**GIVEN DATA**.
--------------------

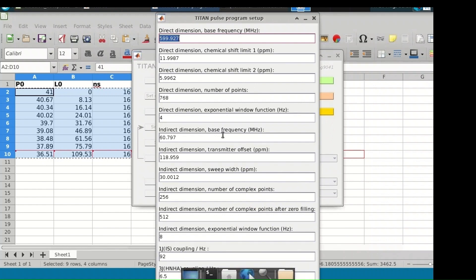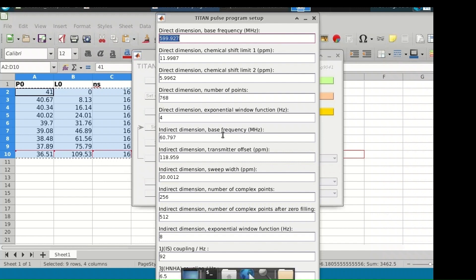Now we need to specify the acquisition and processing parameters such as spectrometer frequency, frequency offset, spectrum width, the number of points in each dimension, and the exponential line broadening applied during processing. 95% of the time the automatic data from NMR pipe input is fine; otherwise you may need to edit. Scalar coupling constants must be edited — for fully protonated spin systems, an approximate value of 6.5 Hz is used, however if the protein is perdeuterated this should be set to zero. For heteronuclear scalar coupling, 92 Hz is an appropriate value.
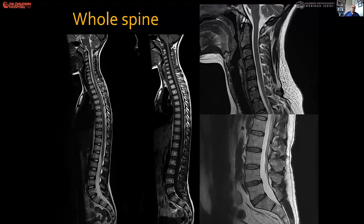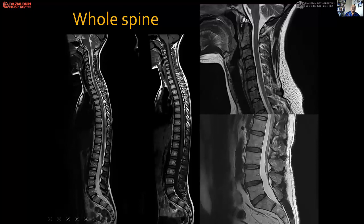There is a value of having both T1 and T2. T1 images see tumor or bony infiltration and fat replacement of the marrow better, while T2 images will see cord compression better.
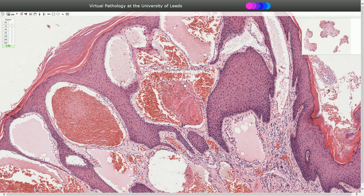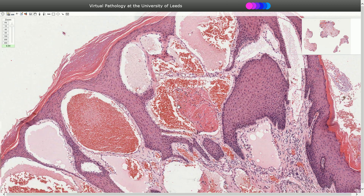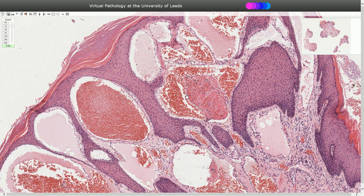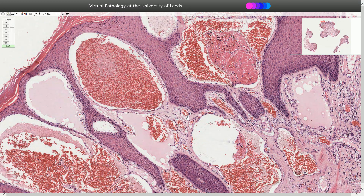Endothelial cells are bland without any atypia and they look quite normal. Some cases of angiokeratomas can be associated with intravascular papillary endothelial hyperplasia, or so-called Masson tumors, but that is not what we see here.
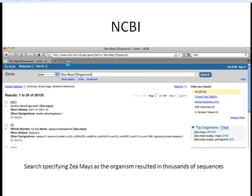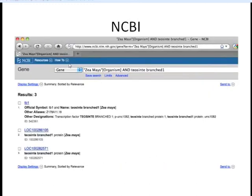So we're going to specify a little bit further. We put in this AND operator — you can use AND or OR to make your search more specific, and you always want to have those in capital letters. When we do ZMays as our organism AND Teosinte branched 1, you can see all three results are now maize genes annotated as Teosinte branched 1. We're going to click on the second result.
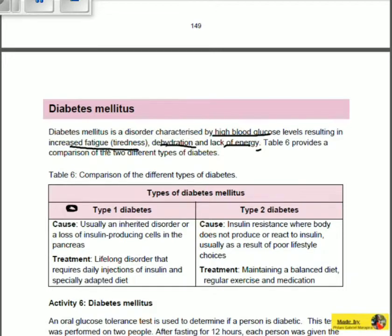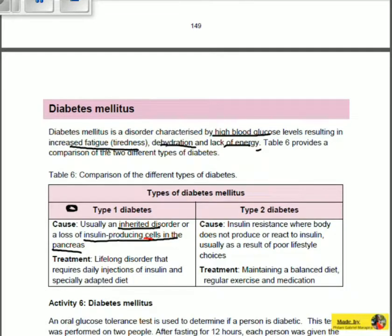Type 1 diabetes is usually an inherited disorder or a loss of insulin-producing cells in the pancreas. When we say inherited disorder, it means it comes from an older generation — passed down from a mother to a son or grandson. Or it can be the loss of insulin-producing cells, known as islets of Langerhans, in the pancreas. These cells produce insulin, which is responsible for the control of high blood glucose levels. If you lose those cells, you will not be able to control your blood glucose levels.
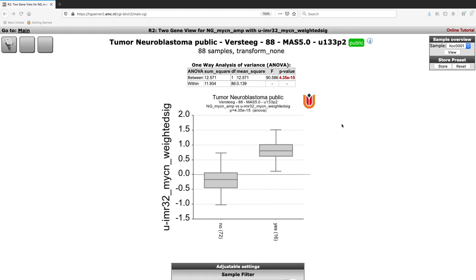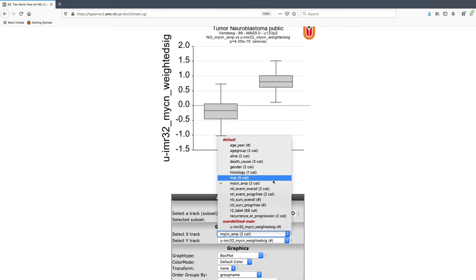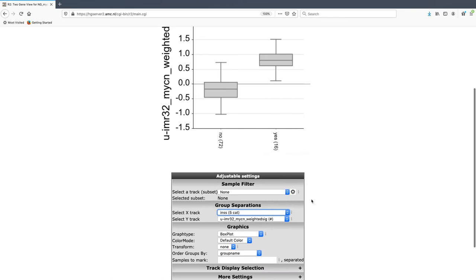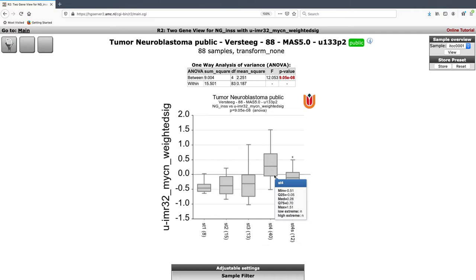We can also correlate the signature score with other tracks in the dataset. For instance, comparing to INSS classification of neuroblastoma disease stages, we can see that specifically in the stage four subset — the more aggressive tumors — there is a significantly higher MYCN activity or higher expression of the signature score. This confirms that the signature score correlates meaningfully with known clinical characteristics.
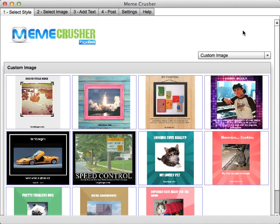Meme Crusher is a tool that enables you to create really easily viral images or memes that enable you to get traffic to your Facebook page or to your blog.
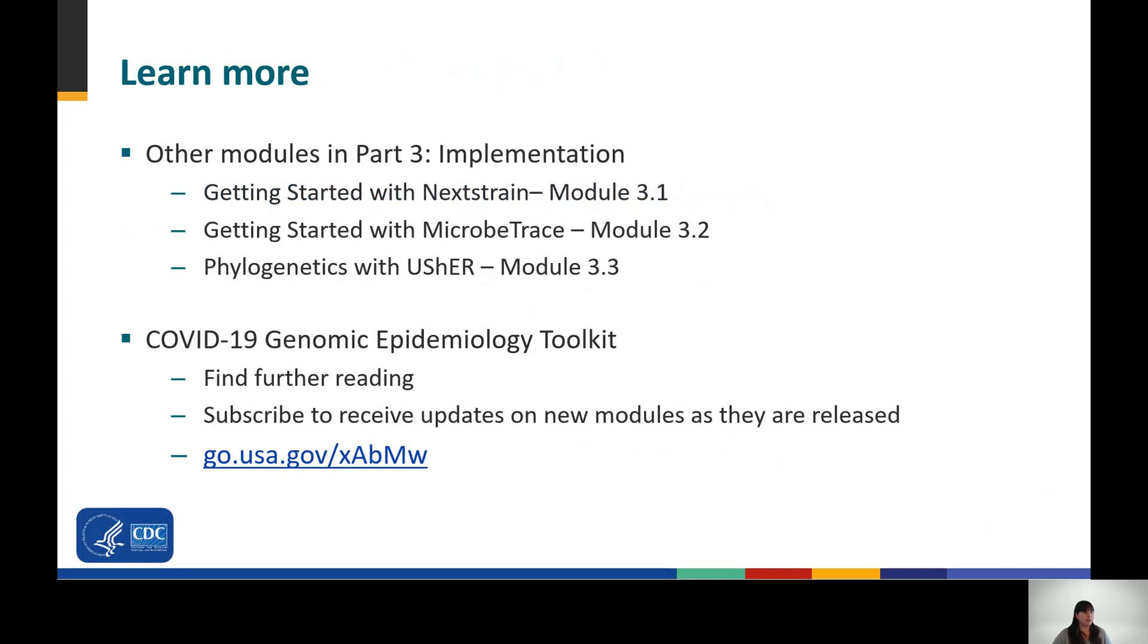This concludes Module 3.4. Part 3 of this toolkit focuses on useful tools and skills to apply genomic data, and in particular to integrate that data with epidemiologic or clinical data. Please visit the COVID-19 Genomic Epidemiology Toolkit page where you can find further reading on this topic. On the toolkit page, you can also subscribe to our mailing list and receive announcements as new modules and material are released. Thank you.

--------------------

**ACTION ITEM**. Each line above gets copied exactly; leave the pictures out.

**YOUR RESPONSE**.
Now we need to specify the acquisition and processing parameters such as spectrometer frequency, frequency offset, spectrum width, the number of points in each dimension, and the exponential line broadening applied during processing. 95% of the time the automatic data from NMR pipe input is fine; otherwise you may need to edit. Scalar coupling constants must be edited — for fully protonated spin systems, an approximate value of 6.5 Hz is used, however if the protein is perdeuterated this should be set to zero. For heteronuclear scalar coupling, 92 Hz is an appropriate value.
There is a value of having both T1 and T2. T1 images see tumor or bony infiltration and fat replacement of the marrow better, while T2 images will see cord compression better.
Endothelial cells are bland without any atypia and they look quite normal. Some cases of angiokeratomas can be associated with intravascular papillary endothelial hyperplasia, or so-called Masson tumors, but that is not what we see here.
So we're going to specify a little bit further. We put in this AND operator — you can use AND or OR to make your search more specific, and you always want to have those in capital letters. When we do ZMays as our organism AND Teosinte branched 1, you can see all three results are now maize genes annotated as Teosinte branched 1. We're going to click on the second result.
Type 1 diabetes is usually an inherited disorder or a loss of insulin-producing cells in the pancreas. When we say inherited disorder, it means it comes from an older generation — passed down from a mother to a son or grandson. Or it can be the loss of insulin-producing cells, known as islets of Langerhans, in the pancreas. These cells produce insulin, which is responsible for the control of high blood glucose levels. If you lose those cells, you will not be able to control your blood glucose levels.
We can also correlate the signature score with other tracks in the dataset. For instance, comparing to INSS classification of neuroblastoma disease stages, we can see that specifically in the stage four subset — the more aggressive tumors — there is a significantly higher MYCN activity or higher expression of the signature score. This confirms that the signature score correlates meaningfully with known clinical characteristics.
Meme Crusher is a tool that enables you to create really easily viral images or memes that enable you to get traffic to your Facebook page or to your blog.
This concludes Module 3.4. Part 3 of this toolkit focuses on useful tools and skills to apply genomic data, and in particular to integrate that data with epidemiologic or clinical data. Please visit the COVID-19 Genomic Epidemiology Toolkit page where you can find further reading on this topic. On the toolkit page, you can also subscribe to our mailing list and receive announcements as new modules and material are released. Thank you.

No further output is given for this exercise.